## INFORMATION SUPPLIED
%%
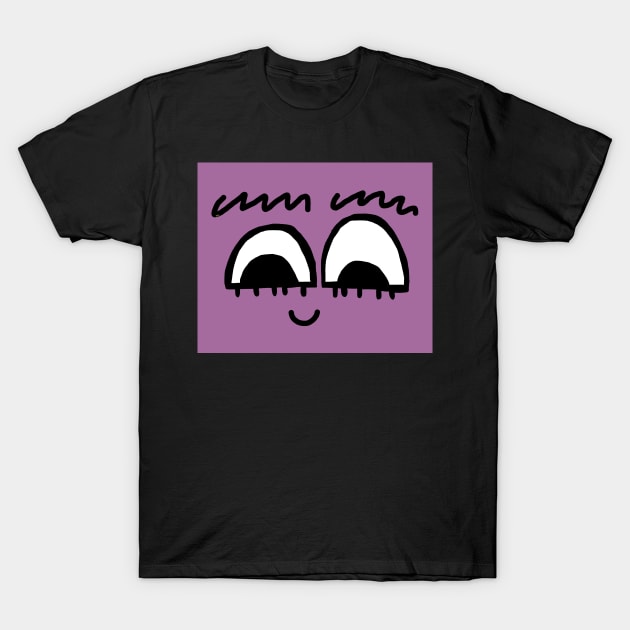 Cute Purple Cartoon Eyes T-Shirt by HFGJewels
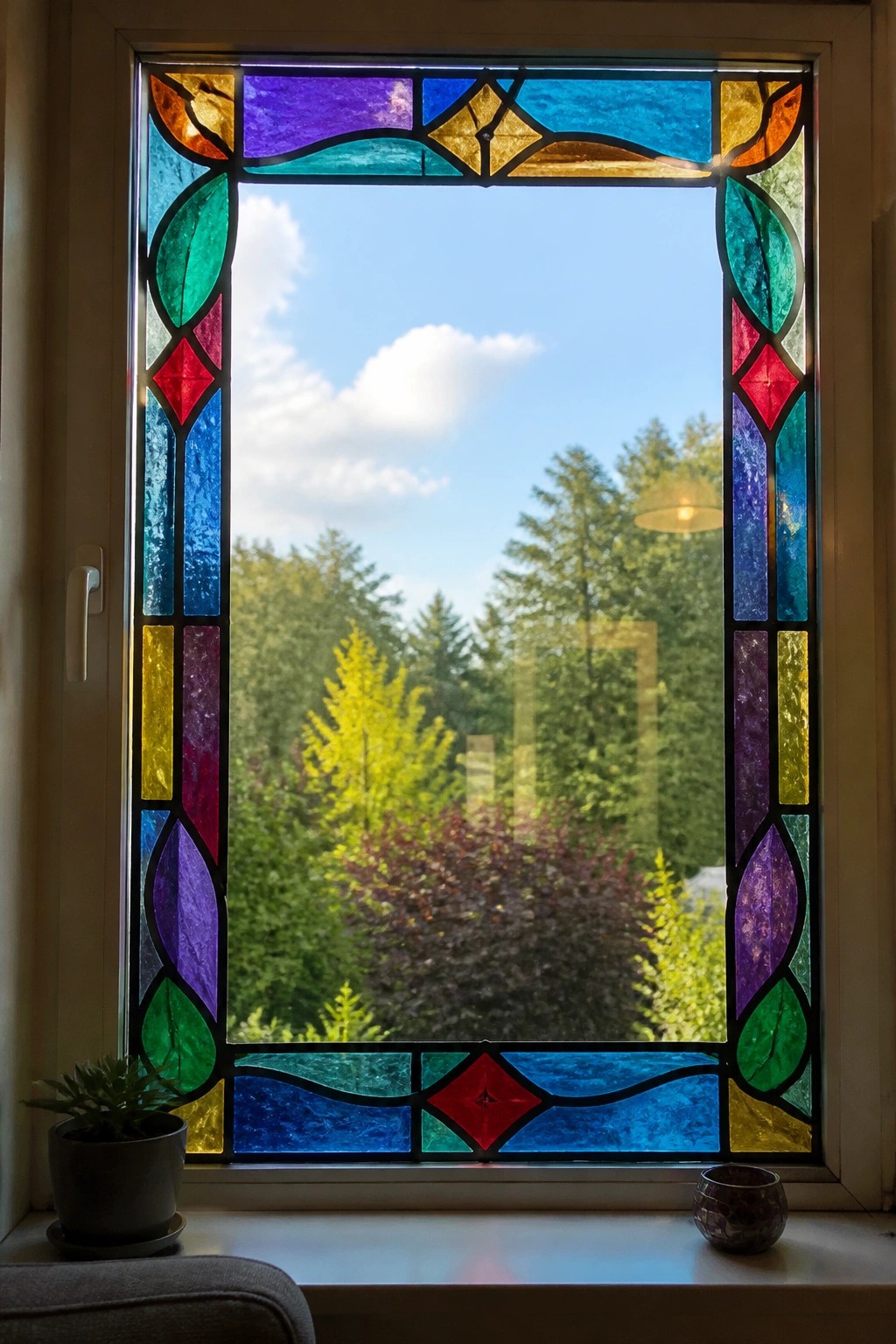 Colorful stained glass window with leaf patterns framing trees under blue sky, plant on sill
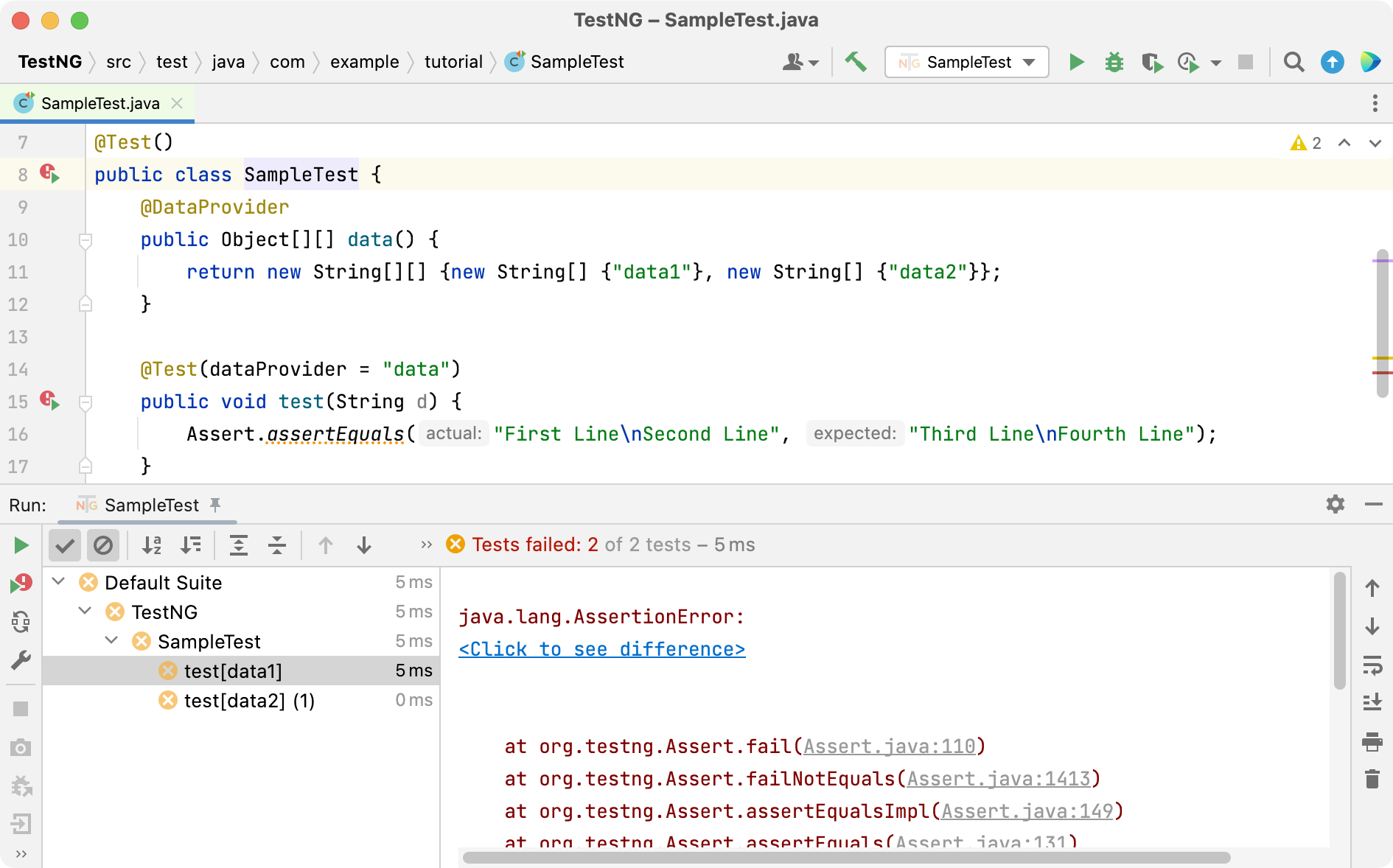 Viewing TestNG test results in Run tool window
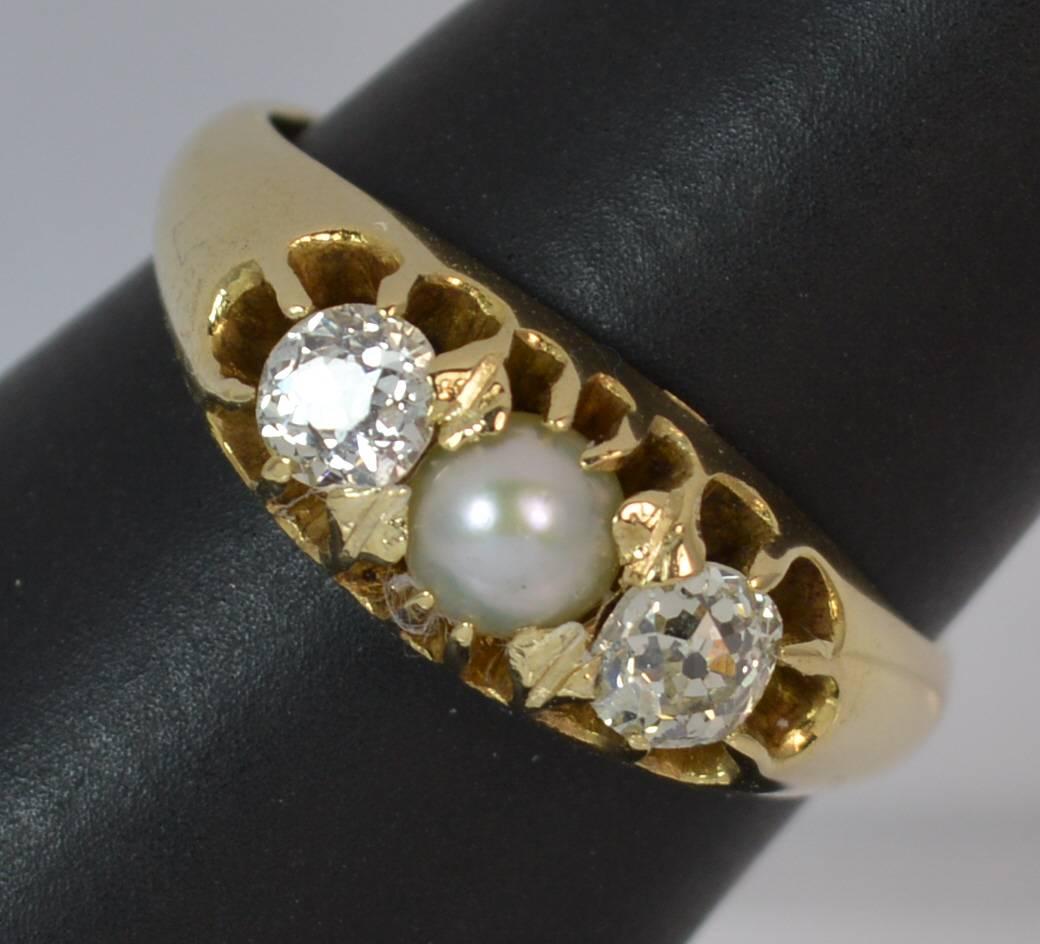 Victorian 0.60 Carat Old Cut Diamond Pearl 15 Carat Gold Trilogy Ring 9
%%
## TASK REQUIREMENTS
Transcribe the listing above verbatim. No picture belongs in the result.

## EXERCISE RESULT
 Cute Purple Cartoon Eyes T-Shirt by HFGJewels
 Colorful stained glass window with leaf patterns framing trees under blue sky, plant on sill
 Viewing TestNG test results in Run tool window
 Victorian 0.60 Carat Old Cut Diamond Pearl 15 Carat Gold Trilogy Ring 9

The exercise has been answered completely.